### DATA BELOW
------------------------------------
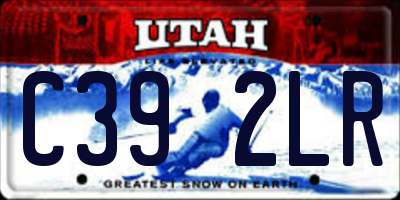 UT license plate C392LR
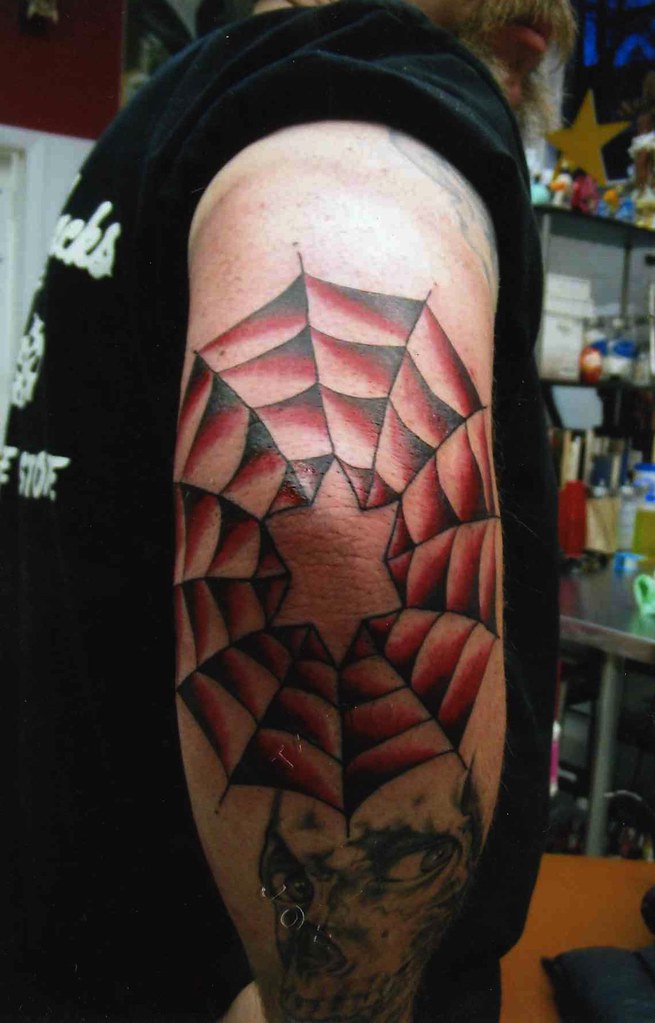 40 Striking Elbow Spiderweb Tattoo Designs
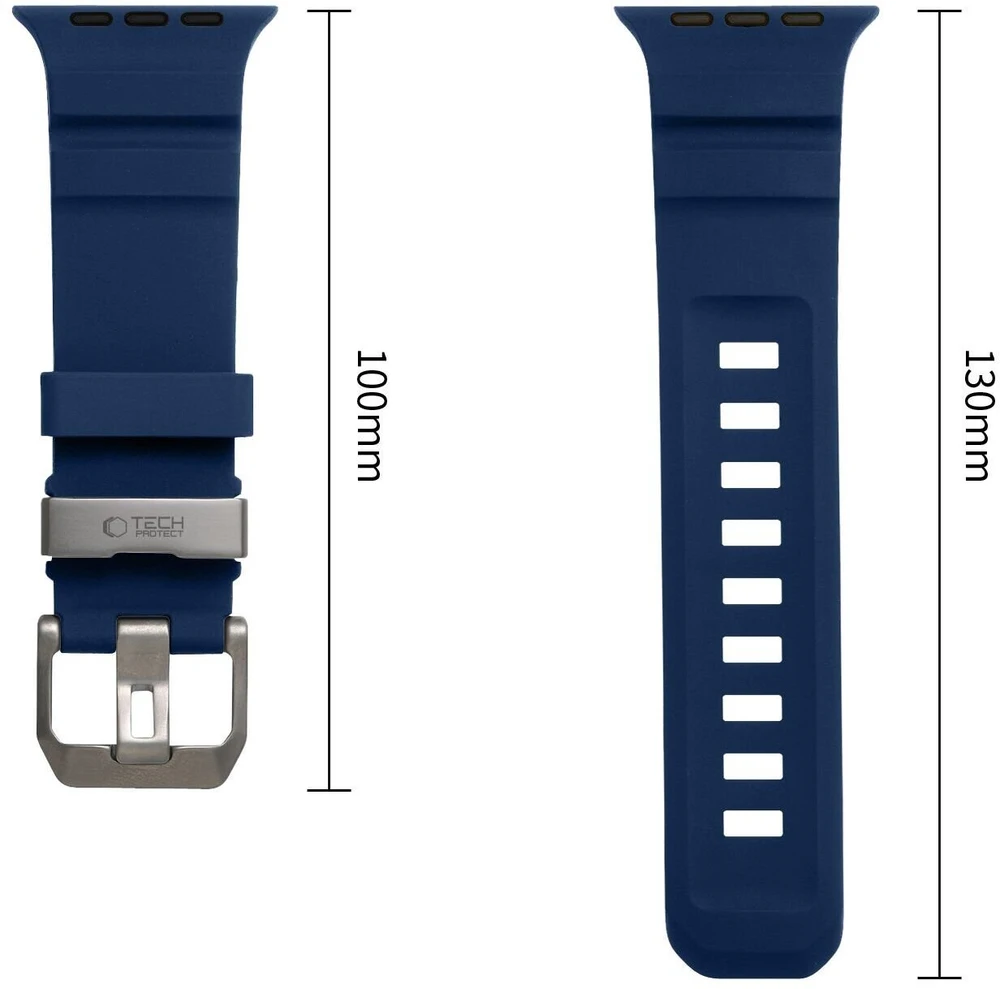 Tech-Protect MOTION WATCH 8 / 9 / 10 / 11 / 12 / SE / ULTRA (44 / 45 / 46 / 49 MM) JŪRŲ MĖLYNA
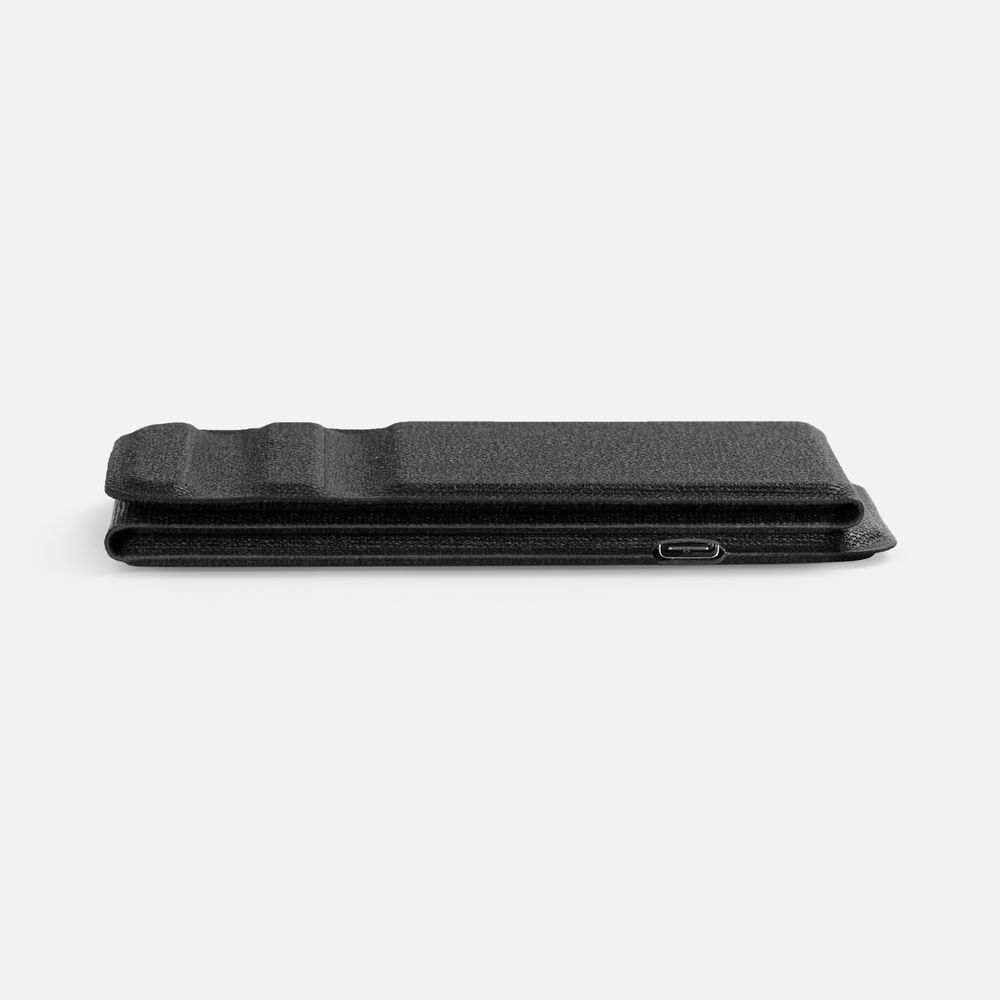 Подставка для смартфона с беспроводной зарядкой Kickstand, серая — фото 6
------------------------------------
### REQUIRED ACTION
What is needed is a word-for-word copy of the data, minus its pictures.

### ANSWER FOR THE TASK
 UT license plate C392LR
 40 Striking Elbow Spiderweb Tattoo Designs
 Tech-Protect MOTION WATCH 8 / 9 / 10 / 11 / 12 / SE / ULTRA (44 / 45 / 46 / 49 MM) JŪRŲ MĖLYNA
 Подставка для смартфона с беспроводной зарядкой Kickstand, серая — фото 6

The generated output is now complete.